Copy, word for word, the lines of the listing below from the line with "Дезодорант-спрей для чоловіків" up to and including the line with "Lululemon scuba jogger". Drop the pictures.

- _Records provided_
'''
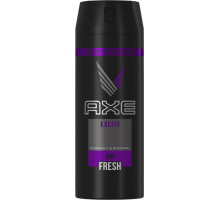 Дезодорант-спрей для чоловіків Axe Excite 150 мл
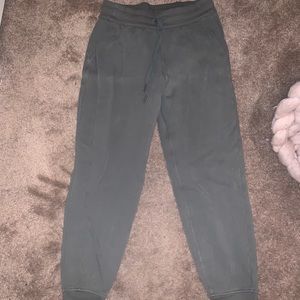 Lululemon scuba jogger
'''
'''
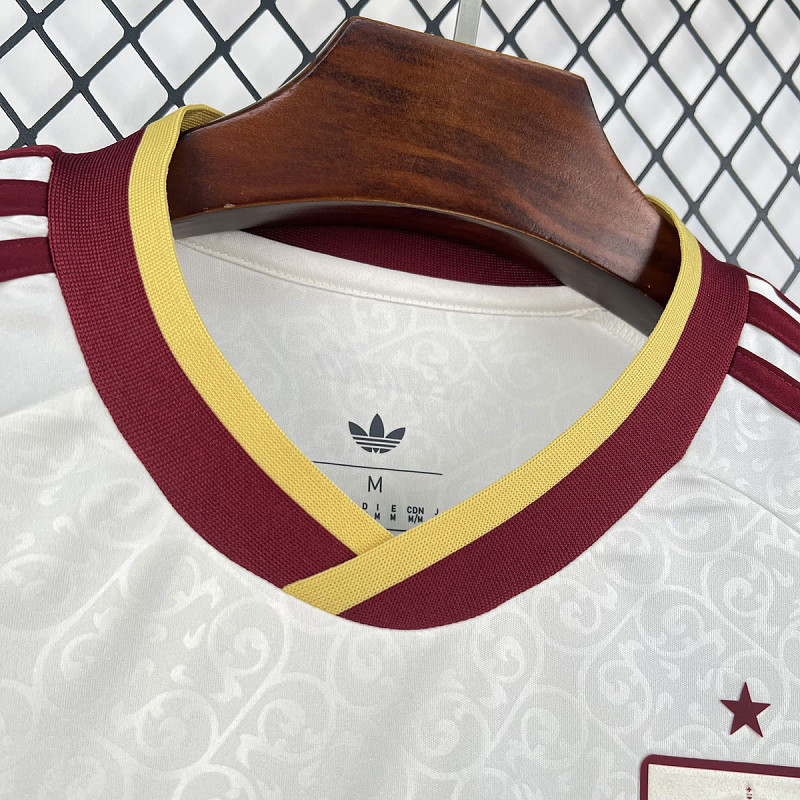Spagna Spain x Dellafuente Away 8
'''
'''
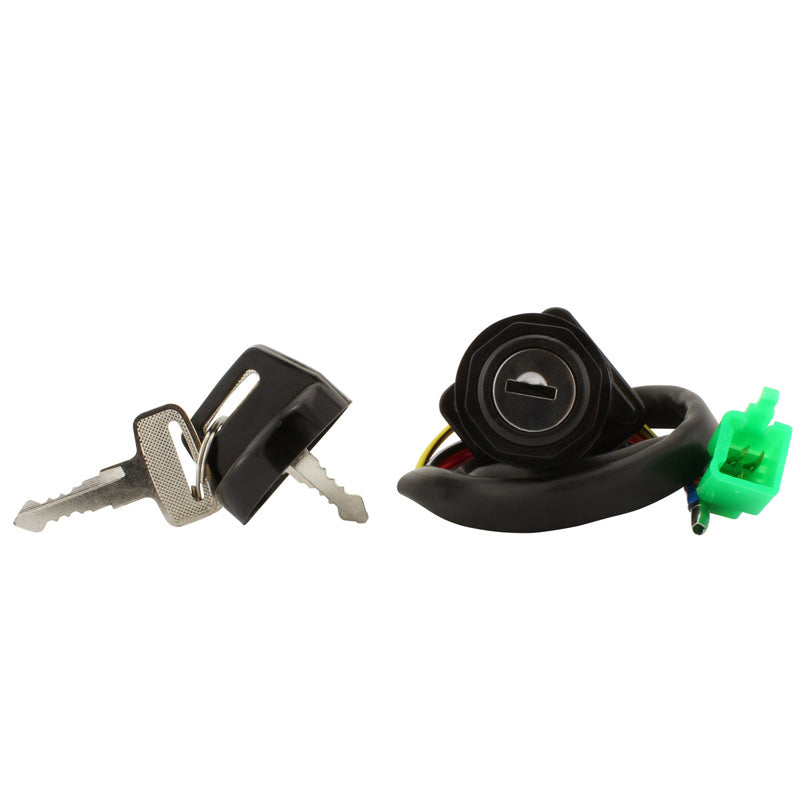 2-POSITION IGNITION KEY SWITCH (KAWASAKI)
'''
- _Output below_
 Дезодорант-спрей для чоловіків Axe Excite 150 мл
 Lululemon scuba jogger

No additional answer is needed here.